• What you have to do
The line containing "Please Save My" marks the end: restate word for word every line from the first line of the entries below through that one.

• Caption-style text data
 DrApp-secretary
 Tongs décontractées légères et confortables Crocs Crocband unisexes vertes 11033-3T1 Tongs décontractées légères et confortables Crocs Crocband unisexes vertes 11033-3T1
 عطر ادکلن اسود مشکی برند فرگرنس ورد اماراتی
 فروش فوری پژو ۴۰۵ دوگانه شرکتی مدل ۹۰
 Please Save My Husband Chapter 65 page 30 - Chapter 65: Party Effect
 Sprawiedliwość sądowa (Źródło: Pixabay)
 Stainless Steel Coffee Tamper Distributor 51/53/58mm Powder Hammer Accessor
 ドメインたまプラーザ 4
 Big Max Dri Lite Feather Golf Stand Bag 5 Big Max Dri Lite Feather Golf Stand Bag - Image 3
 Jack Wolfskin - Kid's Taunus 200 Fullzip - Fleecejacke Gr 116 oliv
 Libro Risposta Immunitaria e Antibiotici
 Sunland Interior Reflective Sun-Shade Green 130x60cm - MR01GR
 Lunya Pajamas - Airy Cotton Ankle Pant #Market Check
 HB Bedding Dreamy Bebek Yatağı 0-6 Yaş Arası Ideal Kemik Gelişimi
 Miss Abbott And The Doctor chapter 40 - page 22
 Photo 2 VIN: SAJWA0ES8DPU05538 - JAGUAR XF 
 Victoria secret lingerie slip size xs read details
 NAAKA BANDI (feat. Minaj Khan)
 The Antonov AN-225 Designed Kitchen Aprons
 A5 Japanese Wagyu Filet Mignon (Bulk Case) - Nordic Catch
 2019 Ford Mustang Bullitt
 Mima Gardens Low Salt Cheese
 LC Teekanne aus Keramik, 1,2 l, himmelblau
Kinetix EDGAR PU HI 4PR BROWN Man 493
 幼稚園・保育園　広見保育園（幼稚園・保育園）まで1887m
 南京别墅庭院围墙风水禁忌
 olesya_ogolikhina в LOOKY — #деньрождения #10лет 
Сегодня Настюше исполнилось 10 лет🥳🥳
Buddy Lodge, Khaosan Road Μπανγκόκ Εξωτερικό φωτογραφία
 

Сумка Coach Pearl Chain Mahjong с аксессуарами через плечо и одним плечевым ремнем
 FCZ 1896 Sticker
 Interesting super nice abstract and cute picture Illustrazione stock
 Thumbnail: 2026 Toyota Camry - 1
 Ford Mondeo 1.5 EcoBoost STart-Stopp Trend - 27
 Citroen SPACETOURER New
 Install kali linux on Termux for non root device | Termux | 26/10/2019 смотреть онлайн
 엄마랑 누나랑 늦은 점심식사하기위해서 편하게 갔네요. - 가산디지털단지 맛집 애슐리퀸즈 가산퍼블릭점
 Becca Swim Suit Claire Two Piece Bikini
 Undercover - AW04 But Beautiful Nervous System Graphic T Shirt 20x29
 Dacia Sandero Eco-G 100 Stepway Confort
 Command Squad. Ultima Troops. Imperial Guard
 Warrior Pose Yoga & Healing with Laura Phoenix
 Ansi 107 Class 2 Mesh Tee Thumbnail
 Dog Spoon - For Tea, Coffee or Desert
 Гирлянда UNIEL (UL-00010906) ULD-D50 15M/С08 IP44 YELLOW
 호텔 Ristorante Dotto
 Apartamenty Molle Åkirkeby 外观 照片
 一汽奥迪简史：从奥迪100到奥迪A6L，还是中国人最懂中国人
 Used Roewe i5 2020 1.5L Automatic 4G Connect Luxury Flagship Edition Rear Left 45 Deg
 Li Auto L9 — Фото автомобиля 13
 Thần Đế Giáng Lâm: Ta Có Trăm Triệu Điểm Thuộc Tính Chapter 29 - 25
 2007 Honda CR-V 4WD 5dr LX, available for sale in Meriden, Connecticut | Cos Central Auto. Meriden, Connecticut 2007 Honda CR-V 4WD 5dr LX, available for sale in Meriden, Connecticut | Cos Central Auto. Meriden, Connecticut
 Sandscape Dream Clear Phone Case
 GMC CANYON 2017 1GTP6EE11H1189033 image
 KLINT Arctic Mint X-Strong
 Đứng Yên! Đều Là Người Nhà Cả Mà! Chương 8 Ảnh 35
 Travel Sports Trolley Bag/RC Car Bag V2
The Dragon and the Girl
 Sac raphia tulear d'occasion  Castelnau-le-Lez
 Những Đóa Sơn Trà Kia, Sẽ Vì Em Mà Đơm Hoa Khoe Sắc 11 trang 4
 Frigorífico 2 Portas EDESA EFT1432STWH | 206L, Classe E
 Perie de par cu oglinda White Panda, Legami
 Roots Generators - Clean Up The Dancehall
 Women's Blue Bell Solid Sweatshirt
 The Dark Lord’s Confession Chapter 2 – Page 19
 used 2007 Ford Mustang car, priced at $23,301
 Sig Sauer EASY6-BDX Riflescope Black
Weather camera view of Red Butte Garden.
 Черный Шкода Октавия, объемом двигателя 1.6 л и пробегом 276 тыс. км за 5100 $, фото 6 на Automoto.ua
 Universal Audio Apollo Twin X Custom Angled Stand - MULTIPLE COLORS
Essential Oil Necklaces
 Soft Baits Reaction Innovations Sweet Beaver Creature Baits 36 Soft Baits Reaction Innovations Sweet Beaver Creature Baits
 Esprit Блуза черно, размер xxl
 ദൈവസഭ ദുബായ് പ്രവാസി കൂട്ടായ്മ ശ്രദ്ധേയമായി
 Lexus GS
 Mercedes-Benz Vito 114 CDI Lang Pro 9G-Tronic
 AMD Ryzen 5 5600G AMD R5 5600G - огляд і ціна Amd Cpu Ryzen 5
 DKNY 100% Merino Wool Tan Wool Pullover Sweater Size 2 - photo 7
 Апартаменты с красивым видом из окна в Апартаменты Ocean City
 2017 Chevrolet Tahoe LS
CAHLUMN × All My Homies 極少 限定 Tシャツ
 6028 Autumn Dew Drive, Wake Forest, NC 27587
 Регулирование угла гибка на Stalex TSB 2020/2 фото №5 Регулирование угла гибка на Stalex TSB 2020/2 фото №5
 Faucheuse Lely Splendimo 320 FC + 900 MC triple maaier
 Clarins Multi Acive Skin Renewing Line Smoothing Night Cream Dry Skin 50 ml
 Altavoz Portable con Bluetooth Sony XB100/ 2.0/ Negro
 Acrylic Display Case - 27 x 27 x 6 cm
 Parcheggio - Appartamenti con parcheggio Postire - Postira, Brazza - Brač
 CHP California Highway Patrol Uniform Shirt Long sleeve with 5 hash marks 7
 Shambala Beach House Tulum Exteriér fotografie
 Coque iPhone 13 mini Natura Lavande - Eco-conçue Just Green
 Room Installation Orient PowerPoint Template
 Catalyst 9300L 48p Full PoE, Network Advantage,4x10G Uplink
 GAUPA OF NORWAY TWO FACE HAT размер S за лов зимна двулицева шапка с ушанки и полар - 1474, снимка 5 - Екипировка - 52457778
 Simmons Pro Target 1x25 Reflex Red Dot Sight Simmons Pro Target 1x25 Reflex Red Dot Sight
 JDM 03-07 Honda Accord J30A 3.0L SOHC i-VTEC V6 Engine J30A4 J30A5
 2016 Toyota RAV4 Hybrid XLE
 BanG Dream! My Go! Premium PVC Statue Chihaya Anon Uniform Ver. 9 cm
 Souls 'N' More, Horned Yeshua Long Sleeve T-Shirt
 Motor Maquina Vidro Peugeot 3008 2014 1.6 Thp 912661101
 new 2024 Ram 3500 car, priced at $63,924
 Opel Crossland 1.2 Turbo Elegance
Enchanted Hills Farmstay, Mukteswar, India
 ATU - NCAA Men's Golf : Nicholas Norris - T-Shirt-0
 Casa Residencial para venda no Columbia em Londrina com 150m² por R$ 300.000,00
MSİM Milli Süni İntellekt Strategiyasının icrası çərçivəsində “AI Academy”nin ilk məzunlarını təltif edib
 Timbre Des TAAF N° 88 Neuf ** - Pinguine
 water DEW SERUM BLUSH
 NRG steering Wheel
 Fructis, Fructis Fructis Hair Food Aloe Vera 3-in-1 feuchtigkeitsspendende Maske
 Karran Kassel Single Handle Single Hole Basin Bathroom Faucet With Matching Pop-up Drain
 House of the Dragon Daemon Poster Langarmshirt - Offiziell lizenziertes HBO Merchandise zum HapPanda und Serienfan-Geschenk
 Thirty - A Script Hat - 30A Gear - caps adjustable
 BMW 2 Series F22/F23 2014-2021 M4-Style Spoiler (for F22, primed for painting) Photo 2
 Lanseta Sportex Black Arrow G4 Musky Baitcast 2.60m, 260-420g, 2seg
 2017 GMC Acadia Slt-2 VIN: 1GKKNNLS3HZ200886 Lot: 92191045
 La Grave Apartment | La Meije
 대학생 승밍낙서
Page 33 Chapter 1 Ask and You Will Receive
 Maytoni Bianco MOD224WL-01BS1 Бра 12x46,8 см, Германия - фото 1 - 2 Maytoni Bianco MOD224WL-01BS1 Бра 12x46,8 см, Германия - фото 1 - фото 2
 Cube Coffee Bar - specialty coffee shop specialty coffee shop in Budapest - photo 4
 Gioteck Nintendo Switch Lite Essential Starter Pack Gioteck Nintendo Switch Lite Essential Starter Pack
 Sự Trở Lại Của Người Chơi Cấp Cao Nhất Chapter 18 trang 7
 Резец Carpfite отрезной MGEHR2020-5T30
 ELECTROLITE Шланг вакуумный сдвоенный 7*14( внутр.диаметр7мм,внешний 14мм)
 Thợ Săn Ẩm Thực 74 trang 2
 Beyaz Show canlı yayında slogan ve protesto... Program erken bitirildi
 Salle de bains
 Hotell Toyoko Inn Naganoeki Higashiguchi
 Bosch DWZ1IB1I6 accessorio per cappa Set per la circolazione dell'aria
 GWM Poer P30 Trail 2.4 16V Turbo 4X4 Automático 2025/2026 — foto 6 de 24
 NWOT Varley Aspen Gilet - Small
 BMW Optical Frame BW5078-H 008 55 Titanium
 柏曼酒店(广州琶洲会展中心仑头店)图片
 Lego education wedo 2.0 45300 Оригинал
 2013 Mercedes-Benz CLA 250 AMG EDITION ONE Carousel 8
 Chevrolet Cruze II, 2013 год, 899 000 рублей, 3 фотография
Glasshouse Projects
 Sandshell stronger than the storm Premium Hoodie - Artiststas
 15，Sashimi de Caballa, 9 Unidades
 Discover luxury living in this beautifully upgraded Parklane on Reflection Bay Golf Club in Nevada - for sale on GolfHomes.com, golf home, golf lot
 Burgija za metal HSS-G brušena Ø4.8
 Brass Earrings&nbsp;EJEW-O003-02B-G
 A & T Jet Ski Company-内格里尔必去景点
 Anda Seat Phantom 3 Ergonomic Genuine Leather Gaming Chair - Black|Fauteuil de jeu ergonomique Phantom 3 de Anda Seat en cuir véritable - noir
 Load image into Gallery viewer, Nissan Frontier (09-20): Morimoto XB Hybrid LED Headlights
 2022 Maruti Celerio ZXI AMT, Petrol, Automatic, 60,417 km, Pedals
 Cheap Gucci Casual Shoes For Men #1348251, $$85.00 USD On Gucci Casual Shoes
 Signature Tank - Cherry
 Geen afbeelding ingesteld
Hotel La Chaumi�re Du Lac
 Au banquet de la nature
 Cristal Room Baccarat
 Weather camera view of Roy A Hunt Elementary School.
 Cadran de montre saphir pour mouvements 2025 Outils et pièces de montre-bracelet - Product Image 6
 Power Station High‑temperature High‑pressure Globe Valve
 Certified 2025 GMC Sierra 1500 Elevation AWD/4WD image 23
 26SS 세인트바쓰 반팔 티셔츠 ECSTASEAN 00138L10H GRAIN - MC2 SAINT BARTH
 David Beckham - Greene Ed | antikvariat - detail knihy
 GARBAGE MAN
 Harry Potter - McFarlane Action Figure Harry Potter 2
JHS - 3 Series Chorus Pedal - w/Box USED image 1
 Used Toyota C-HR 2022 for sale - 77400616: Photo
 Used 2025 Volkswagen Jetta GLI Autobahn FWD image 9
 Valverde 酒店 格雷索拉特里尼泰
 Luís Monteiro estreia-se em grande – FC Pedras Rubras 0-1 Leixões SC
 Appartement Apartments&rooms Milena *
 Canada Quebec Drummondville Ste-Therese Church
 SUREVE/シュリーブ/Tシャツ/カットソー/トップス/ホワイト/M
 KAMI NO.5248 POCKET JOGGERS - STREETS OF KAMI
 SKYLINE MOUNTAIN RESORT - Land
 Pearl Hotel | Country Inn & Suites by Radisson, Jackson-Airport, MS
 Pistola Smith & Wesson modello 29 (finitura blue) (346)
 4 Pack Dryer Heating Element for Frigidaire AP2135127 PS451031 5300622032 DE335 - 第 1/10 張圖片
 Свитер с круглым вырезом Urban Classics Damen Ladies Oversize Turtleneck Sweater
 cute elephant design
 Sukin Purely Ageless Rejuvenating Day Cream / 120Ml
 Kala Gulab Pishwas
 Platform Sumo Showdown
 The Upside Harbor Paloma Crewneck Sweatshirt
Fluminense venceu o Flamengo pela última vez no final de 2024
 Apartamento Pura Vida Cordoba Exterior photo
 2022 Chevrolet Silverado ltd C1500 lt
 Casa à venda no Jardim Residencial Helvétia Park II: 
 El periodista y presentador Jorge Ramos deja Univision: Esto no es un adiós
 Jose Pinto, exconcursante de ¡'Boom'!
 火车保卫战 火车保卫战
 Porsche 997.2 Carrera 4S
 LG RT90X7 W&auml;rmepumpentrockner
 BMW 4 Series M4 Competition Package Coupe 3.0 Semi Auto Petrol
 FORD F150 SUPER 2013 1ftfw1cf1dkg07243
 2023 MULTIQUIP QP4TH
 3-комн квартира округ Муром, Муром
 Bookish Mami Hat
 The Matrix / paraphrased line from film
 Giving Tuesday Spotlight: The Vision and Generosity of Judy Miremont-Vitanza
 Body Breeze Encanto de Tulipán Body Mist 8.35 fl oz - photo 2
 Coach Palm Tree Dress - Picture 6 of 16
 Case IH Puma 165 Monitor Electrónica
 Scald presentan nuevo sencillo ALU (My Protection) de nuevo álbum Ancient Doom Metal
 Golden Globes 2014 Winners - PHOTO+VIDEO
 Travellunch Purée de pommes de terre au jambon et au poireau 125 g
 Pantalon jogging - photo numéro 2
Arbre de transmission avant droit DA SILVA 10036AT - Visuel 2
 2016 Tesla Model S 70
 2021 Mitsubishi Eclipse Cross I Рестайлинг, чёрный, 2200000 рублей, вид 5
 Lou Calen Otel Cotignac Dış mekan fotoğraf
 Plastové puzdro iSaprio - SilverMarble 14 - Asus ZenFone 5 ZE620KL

• Answer to this exercise
 DrApp-secretary
 Tongs décontractées légères et confortables Crocs Crocband unisexes vertes 11033-3T1 Tongs décontractées légères et confortables Crocs Crocband unisexes vertes 11033-3T1
 عطر ادکلن اسود مشکی برند فرگرنس ورد اماراتی
 فروش فوری پژو ۴۰۵ دوگانه شرکتی مدل ۹۰
 Please Save My Husband Chapter 65 page 30 - Chapter 65: Party Effect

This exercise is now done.